Experiential retail, he explained, would involve a company that “wants to have a flagship marquee property to highlight their brand where they don’t necessarily want to have products for sale.”
And, so far, the unique space has already drawn tenants. Louis Vuitton rented out the building for a few months, from October 2017 to this January, for a sprawling exhibition highlighting the history of the brand’s fashion and leather goods. Calvin Klein and Bottega Veneta rented out the building for Fashion Week, and Samsung hosted a product launch for a new TV there last week.
The retail space, which is being designed by Elkus-Manfredi and SBLM, could hold one tenant or several. Plans have not yet been finalized for the hotel, because GHC is still searching for an operator or joint venture partner.
Despite rising retail vacancies Downtown and a struggling retail market across Manhattan, Fried remains confident that his building will succeed. The area’s growing residential population and increasingly diverse kinds of office tenants give him hope.
“It’s not your father’s or grandfather’s Wall Street where it’s 9 to 5, finance, real estate, insurance,” he said. “There are people active on the street till the wee hours of the morning.”

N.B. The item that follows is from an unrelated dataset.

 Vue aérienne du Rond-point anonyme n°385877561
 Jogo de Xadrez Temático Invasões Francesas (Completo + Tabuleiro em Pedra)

He also said that they expect to draw tourists coming from the World Trade Center and the National September 11 Memorial & Museum a block away. Even with these potential pulls the hotel will face steep competition. Roughly 135 hotel projects are planned or under construction citywide. And in the Financial District alone, 12 hotel projects with 1,917 rooms are under construction or in planning stages, according to hotel data research firm STR.
GHC is finalizing a $65 million construction plan for the historic property, with the help of real estate investment firm Clarion Partners. Clarion took a 70 percent stake in the project in 2015, buying out Fried’s previous partner in a deal valued at $150 million, according to public records.

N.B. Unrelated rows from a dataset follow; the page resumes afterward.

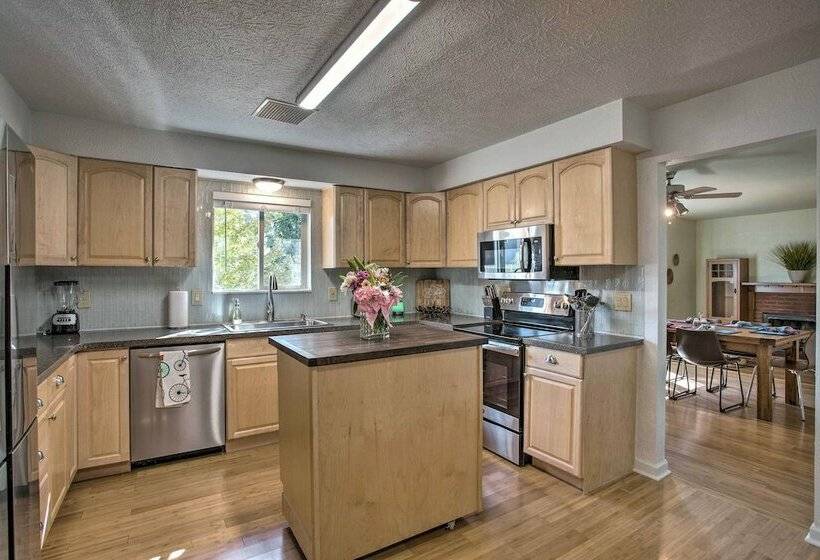 Quaint Fruita Home W/ Grill   Walk To Town!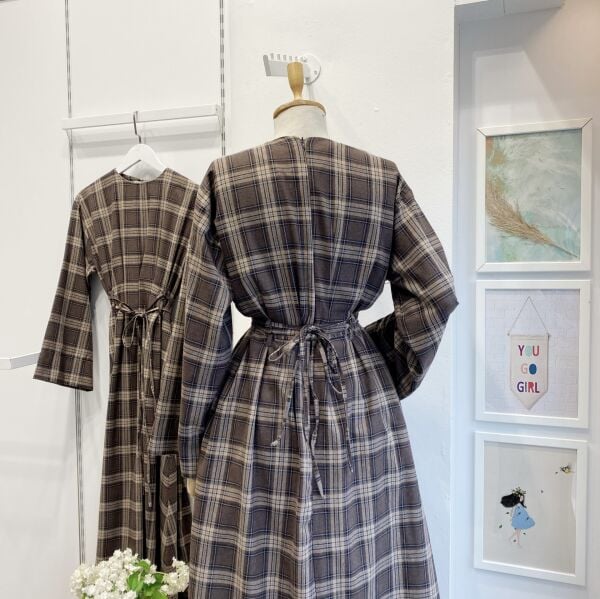 Kahverengi Ekose Desenli Alize Elbise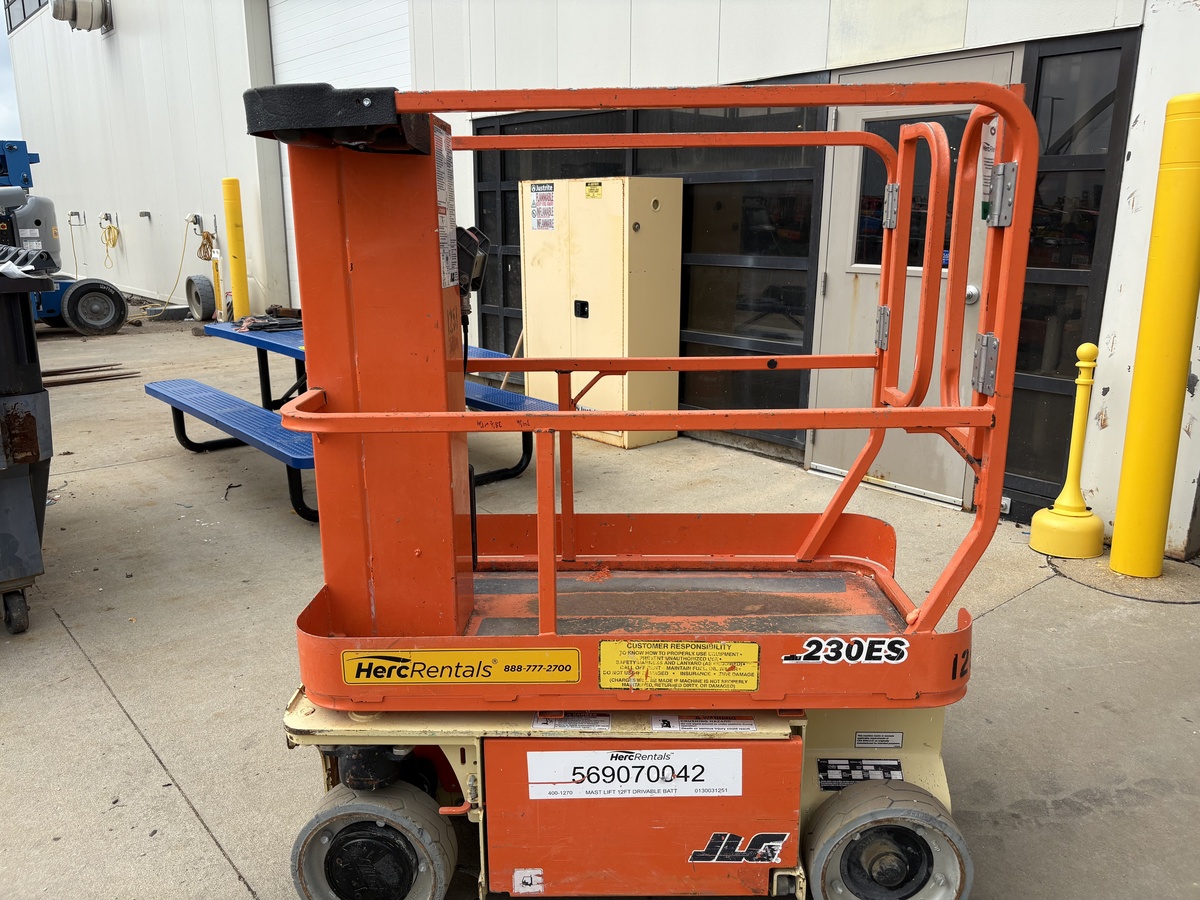 2017 JLG 1230ES-2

The deal with Clarion came together because Frank Sullivan, one of the firm’s founding partners, was Fried’s college mentor. Sullivan, a former real estate finance professor at NYU, taught Fried in the early 1990s. The pair kept in touch, and Fried ultimately brought on Clarion as an investor in the Stock Exchange at Sullivan’s urging.
“He has what I call a nose for real estate,” Sullivan said. “He can suss out, see and understand and figure out whether a transaction is worth pursuing. My faith in him is not quite boundless, but he has an extraordinarily good track record of saying I want to do this deal and here’s how we’re going to make money.”

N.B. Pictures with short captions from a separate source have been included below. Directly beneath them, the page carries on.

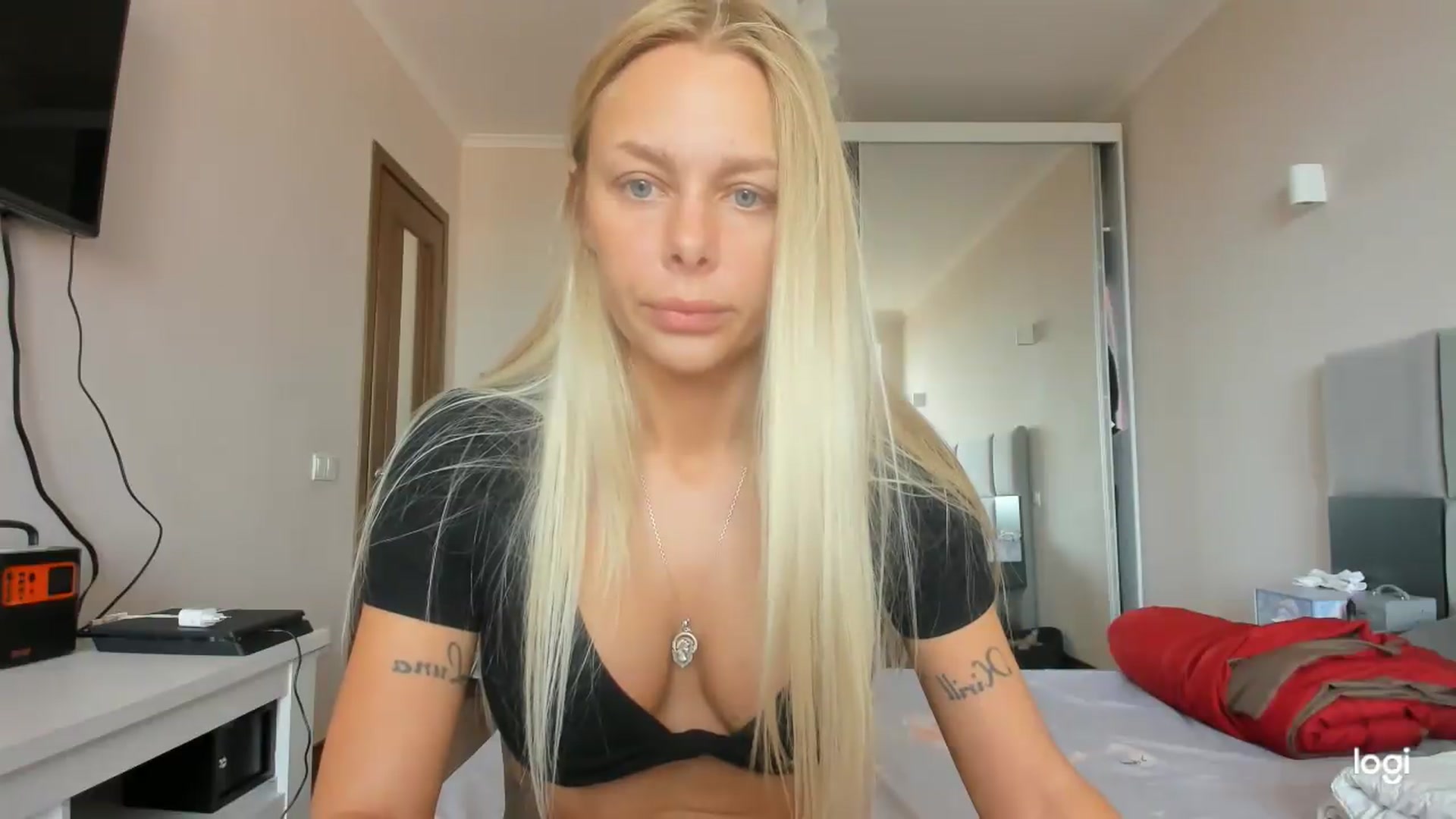 Gallery image thumbnail from Librarys_bb's myfreecams stream on, 09/05/2026, 07:48 image 11 of 20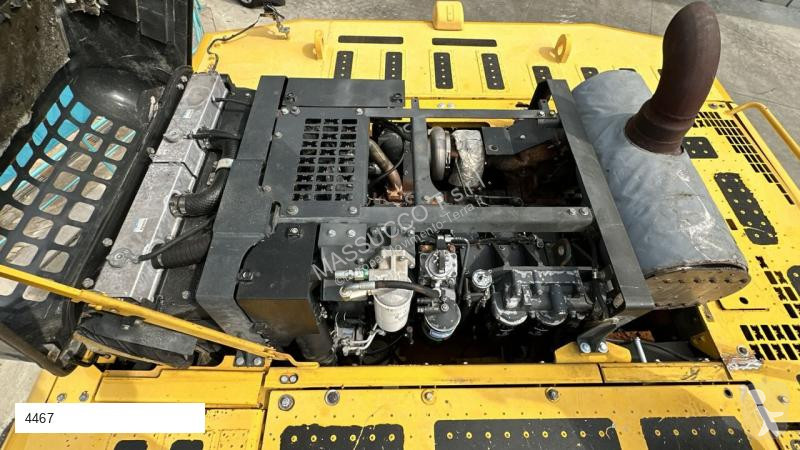 Escavadora Komatsu PC700 LC-8E0
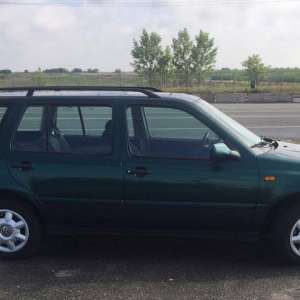 Cetăţean român care conducea un autoturism radiat din circulaţie, depistat de poliţiştii de frontieră arădeni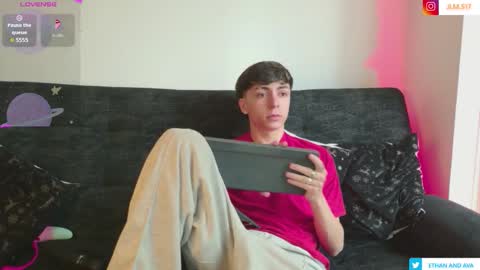 ethan and ava online show from March 11, 1:06 pm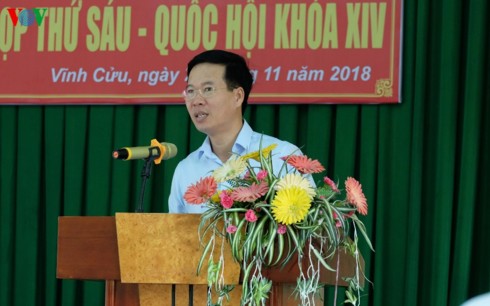 Xử lý cán bộ sai phạm không có chuyện hạ cánh an toàn - Ảnh 1. Xử lý cán bộ sai phạm không có chuyện hạ cánh an toàn - Ảnh 1.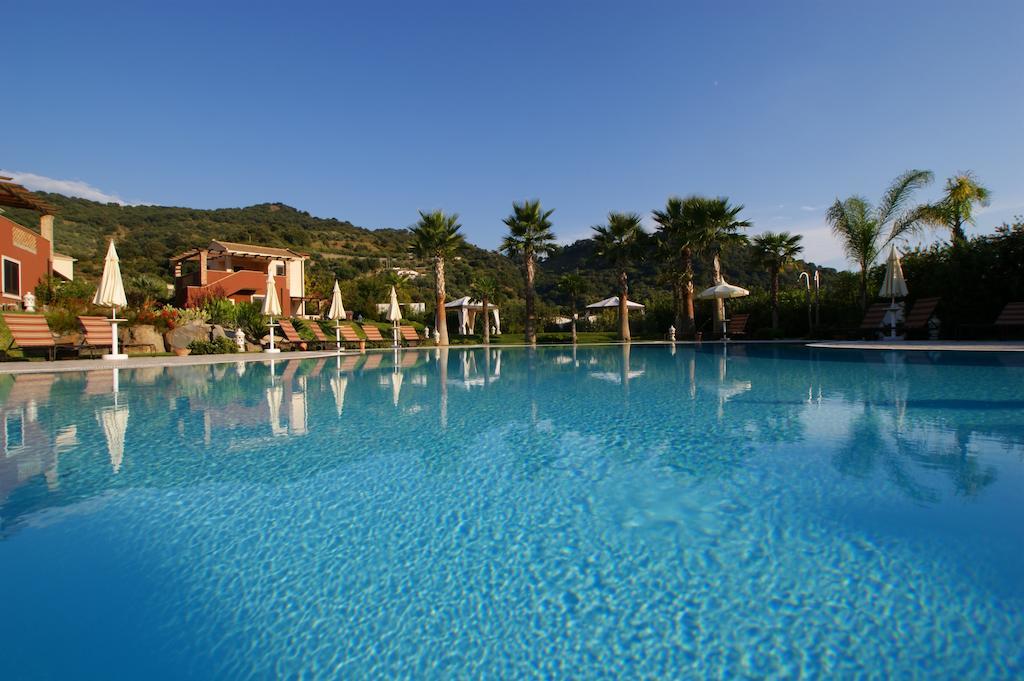 Alcantara Resort Di Charme Adults Only Gaggi Eksteriør billede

Jonathan Mechanic, a partner at law firm Fried Frank who handled the purchase of the Stock Exchange and the joint venture with Clarion, agreed, having known Fried for more than 20 years. He described the developer as creative and loyal, adding that the transactions have been savvy. “He negotiated with sophisticated people in Witkoff and Fisher. He did a deal that was very good for him and them, because they turned around and sold it to someone else.”
But Fried’s world doesn’t revolve exclusively around real estate. In his spare time, the Upper West Side resident, who declined ot provide his age cooks, plays tennis and basketball, and travels extensively. In 2017, he found his way to Rio de Janeiro, Sao Paolo, Cartagena, Medellin, Panama, Israel and Turkey. He feels like he’s built his life and business around the values his parents taught him—hard work, integrity, frugality and follow-through.
That ethos even carries over to the name of his company. “GHC stands for three very essential elements that one needs to be successful in any real estate deal,” he said. “It stands for G, for ‘gezunt,’ which means health [in Yiddish], H, which stands for ‘hatzlacha’, which means luck, and C, which stands for chutzpah, which you need always in real estate. So you need health, luck and chutzpah.”